## EXERCISE PROMPT
Please repeat exactly the lines from the one containing "Lettera con cuori" to the end of the entries below, both included, and omit all pictures.

*** Block opens ***

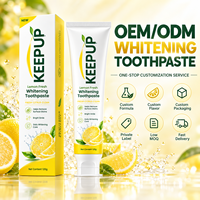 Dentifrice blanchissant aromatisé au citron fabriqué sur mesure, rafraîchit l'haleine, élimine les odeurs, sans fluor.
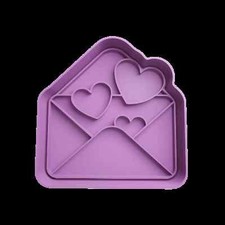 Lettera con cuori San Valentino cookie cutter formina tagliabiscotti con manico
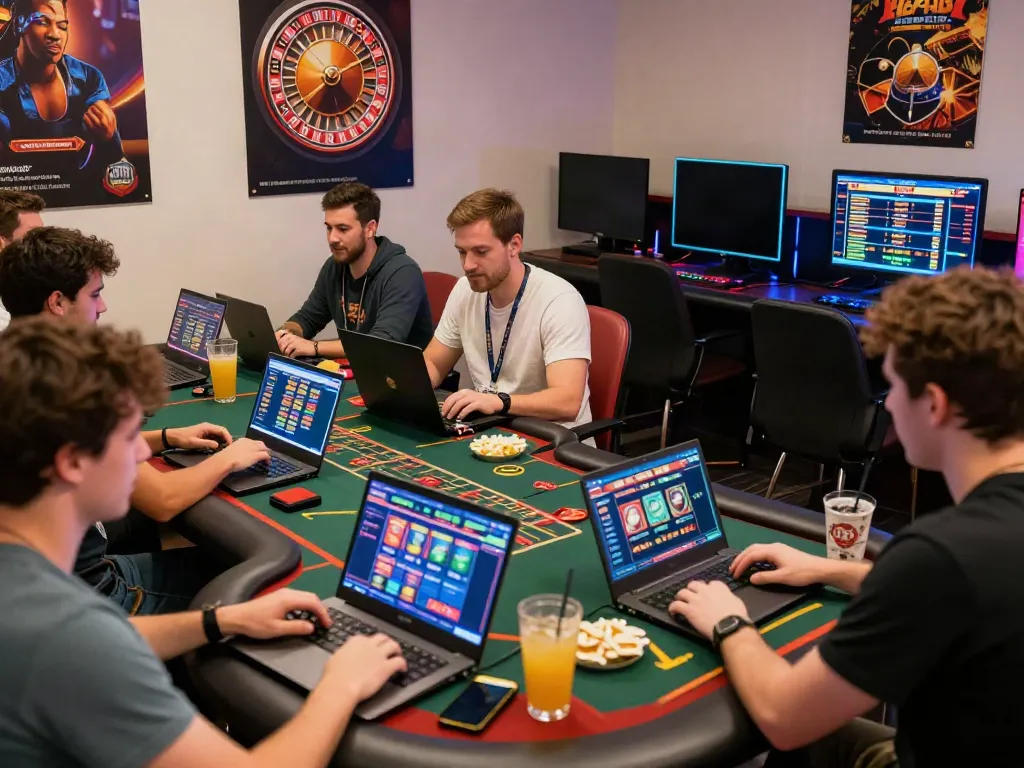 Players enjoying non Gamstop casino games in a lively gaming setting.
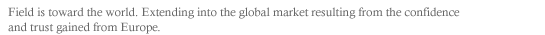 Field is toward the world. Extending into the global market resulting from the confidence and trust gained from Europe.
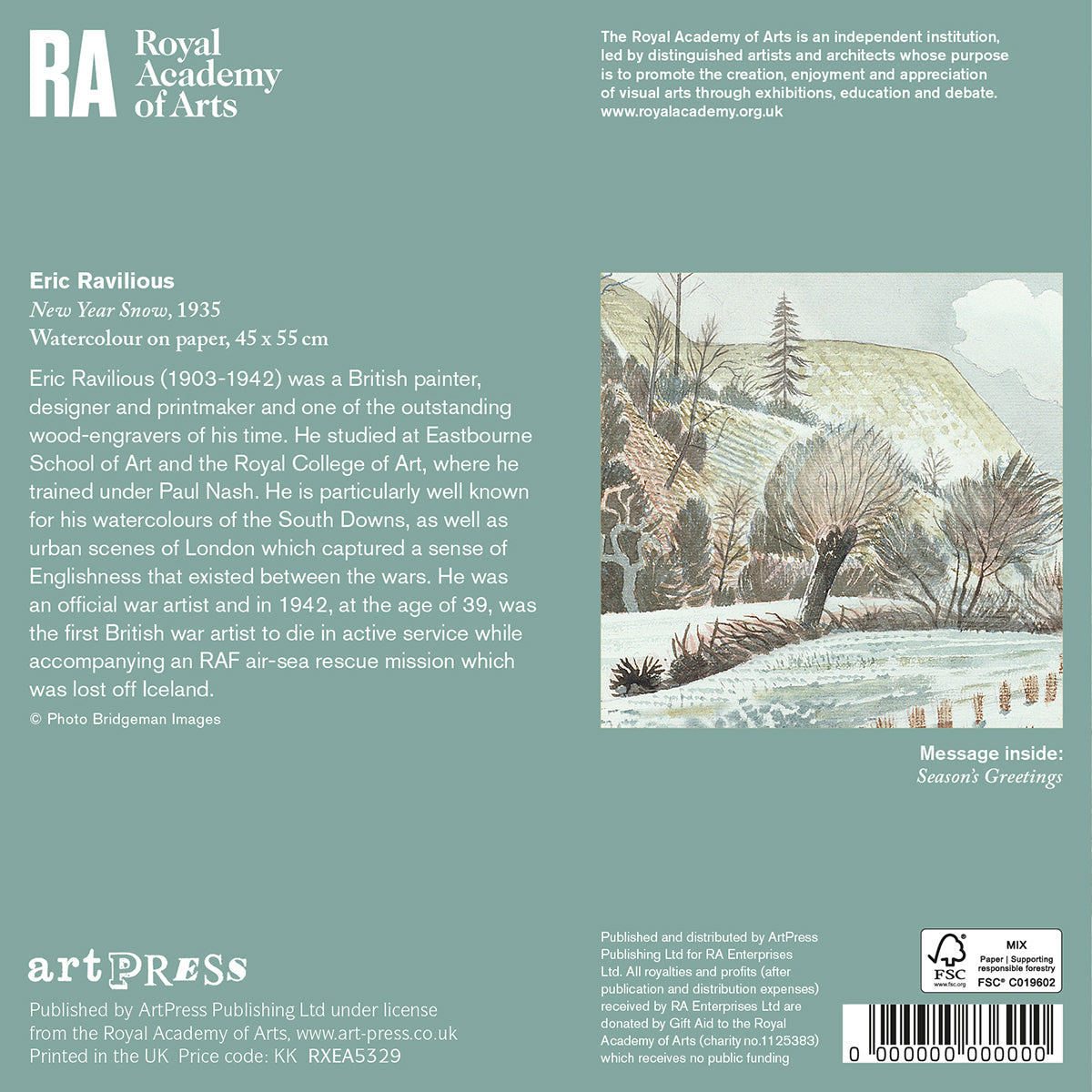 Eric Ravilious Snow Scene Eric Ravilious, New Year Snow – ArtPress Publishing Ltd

*** Block closes ***

## ANSWER AREA
 Lettera con cuori San Valentino cookie cutter formina tagliabiscotti con manico
 Players enjoying non Gamstop casino games in a lively gaming setting.
 Field is toward the world. Extending into the global market resulting from the confidence and trust gained from Europe.
 Eric Ravilious Snow Scene Eric Ravilious, New Year Snow – ArtPress Publishing Ltd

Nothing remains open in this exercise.